Farelerde endotelin B reseptörleri genlerinin  tahrip edilmesi sonucunda ciltte beneklenme ve aganglionik segment geliştiği ortaya konmuştur. Bu durum HH da endotelin B reseptör genlerinin etkili olabileceğini düşündürmektedir.
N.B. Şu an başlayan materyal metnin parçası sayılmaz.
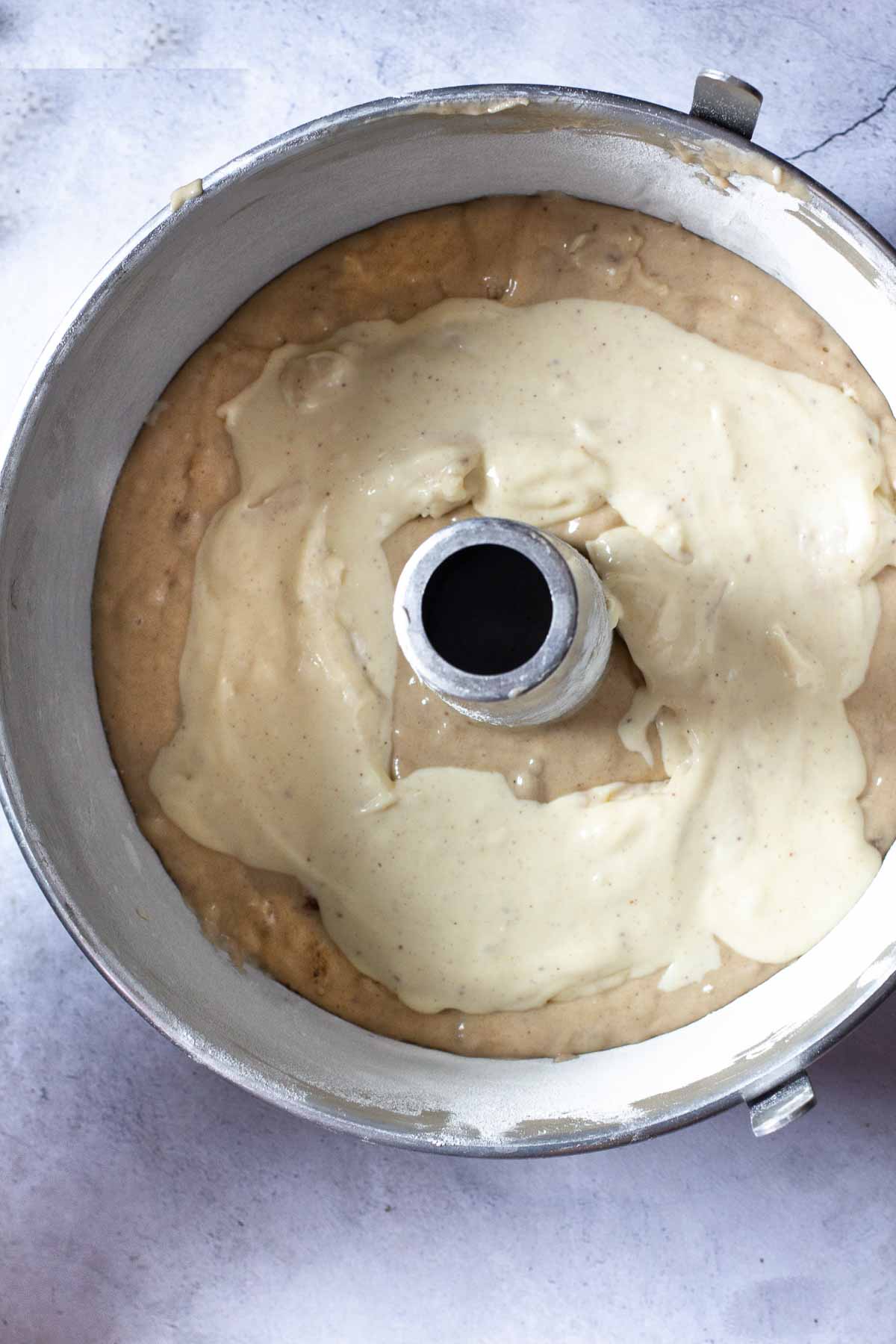 Placing a layer of cream cheese filling in banana coffee cake batter.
Barastat insan kolon duvar tonusundaki değişikliklerin elektromekanik olarak incelenmesidir. Düşük basınçlı dilatasyonlarda basınç genellikle 8 mmHg nın altındadır. Uyku sırasında  ve morfin kullanumında kolon relaksasyonu olduğu  tespt edilmiştir.


TOKSİK MEGAKOLON
  AIDS’li hastalarda CMV enfeksiyonuna bağlı viral kolitler görülebilir. Toksik megakolon mukozasındaki inflamatuar süreci müsküleris ve serazo vakalarına ilerlemesi sonucu gelişir. Peritonit ve bazen perforasyon ortaya çıkar. Hipppotasemi, narkotik ilaç kullanımı, antikolinerjik ilaçlar ve barsak motilitesini azaltan ilaçlar perdispozan faktörlerdir. Barsakta oluşan staz inflamatuar olayın yayılmasını ve bakteri penetrasyonunu kolaylaştırır. Tanı amacıyla çekilen kolon grafisi de tm gelişimine neden olabilir. Kolon atenik ve dilatedir. Toksik megakolonda hastanın genel durumu bozuktur. Ateş, lökositoz
Kanlı diare, dehitratasyon ve sepsiz belirtileri mevcuttur. Tüm kolonu tutan hastalarda daha sık görülmekle birlikte sadece sol kolonu tutan hastalarda da gelişebilir. Karın palpasyonla hassastır ve transvers kolono uyan bölgede perkisyonla timpanism saptanabilir. Ayakta direkt batın bölgelerinde kolonda multiple hava sıvı seviyeleri veya haustrasyonların yapısında bozulma izlenir. Transvez kolon çapı 6 cmnin üzerindedir sigmoint kolonda da genişleme izlenebilir. Radyolojik bulgular tanıyı destekler ancak klinik değerlendirme daha önemlidir. TM tanısı için Jallan ve arkadaşları tarafından önerilen kriterler şunlardır :
ADBG’de kolonda distansiyon saptanması
Aşağıdaki bulgulardan en az üçünün varlığı :
Ateş 38c 
Taşikardi 120/dk
Anemi
Lökositos
Aşağıdakilerden en az birinin eşlik etmesi :
Dehitratasyon
Bilinçte bulanıklık
Elektrolit dengesizliği
Hipotansiyon
Laboratuvar incelemelerinde anemi, lökositos ve periferik yaymada sola kayma gözlenir. Glikoz üre-kreatinin, elektrolitler, totalprotein, albümin, arterial kan gazları, tam idrar tahlili, ekg, akciğer grafisi, dışkı mikroskopik incelemesi ve dışkıda amip antijeni ve jullestrityum difficile toksini bakılması dışkı kültürü yapılması önerilmektedir. ADBG 12-24 saat aralıklarla çekilerek transvers kolon çapı ölçülmelidir. Bu grafilerde serbest hava varlığı perforasyonu gösterir ve acil cerrahi gerektirir. Perforasyon gelişebileceğinden opaklı kolon grafisi ve total kolonoskopi kontrendikedir. Distal sigmoidoskopi dikkatli bir şekilde yapılabilir. Crohn hastalığı iskemik kolit ya da pseudo lembronöz entrerokolit ayırıcı tanısı yapılır.

TEDAVİ
Oral gıda alınımı opioit ve antikollerjik ilaç kullanımı kesilir, nazogastrik sonda ile dekompresyon yapılır. Ülseratif kolite bağlı ise yüksek doz İV kortiko steroid uygulanır. Elektrolit dengesizlikleri hipoalbunemi, anemi tedavi edilir. Anaerobik ve gram negatif aerobik bakterilere karşı geniş spektrumlu antibiyotik başlanır. Sefelosporin II-III. kuşak + aminoglukozid + metronidazol kullanılabilir. 48 saat içinde yanıt alınamazsa veya bu süre içerisinde perforasyon ve masif kanama gelişirse cerrahi tedavi uygulanır.